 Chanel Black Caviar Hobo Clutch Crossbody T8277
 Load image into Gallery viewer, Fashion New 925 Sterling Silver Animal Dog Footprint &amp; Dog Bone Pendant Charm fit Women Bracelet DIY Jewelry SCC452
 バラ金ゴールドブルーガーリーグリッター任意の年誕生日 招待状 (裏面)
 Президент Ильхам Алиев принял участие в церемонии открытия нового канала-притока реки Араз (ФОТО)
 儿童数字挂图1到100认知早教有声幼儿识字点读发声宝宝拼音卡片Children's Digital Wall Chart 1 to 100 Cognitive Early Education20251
==
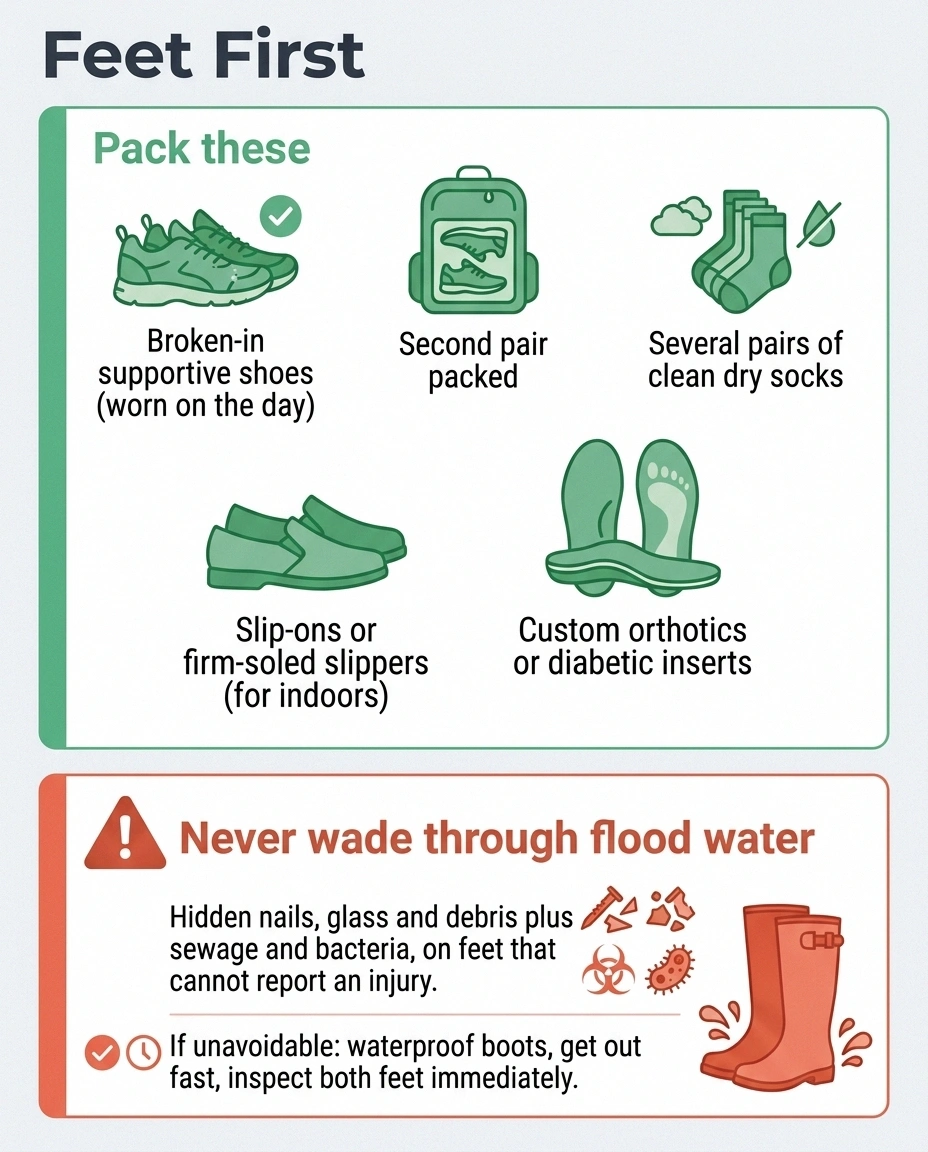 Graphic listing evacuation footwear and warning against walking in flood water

** ABOUT THIS EXERCISE **
Retype the portion of the data above that starts on the line with "Chanel Black Caviar" and finishes on the line with "儿童数字挂图1到100认知早教有声幼儿识字点读发声宝宝拼音卡片Children's Digital Wall", including both of those lines.

** ANSWER TO THIS PROBLEM **
 Chanel Black Caviar Hobo Clutch Crossbody T8277
 Load image into Gallery viewer, Fashion New 925 Sterling Silver Animal Dog Footprint &amp; Dog Bone Pendant Charm fit Women Bracelet DIY Jewelry SCC452
 バラ金ゴールドブルーガーリーグリッター任意の年誕生日 招待状 (裏面)
 Президент Ильхам Алиев принял участие в церемонии открытия нового канала-притока реки Араз (ФОТО)
 儿童数字挂图1到100认知早教有声幼儿识字点读发声宝宝拼音卡片Children's Digital Wall Chart 1 to 100 Cognitive Early Education20251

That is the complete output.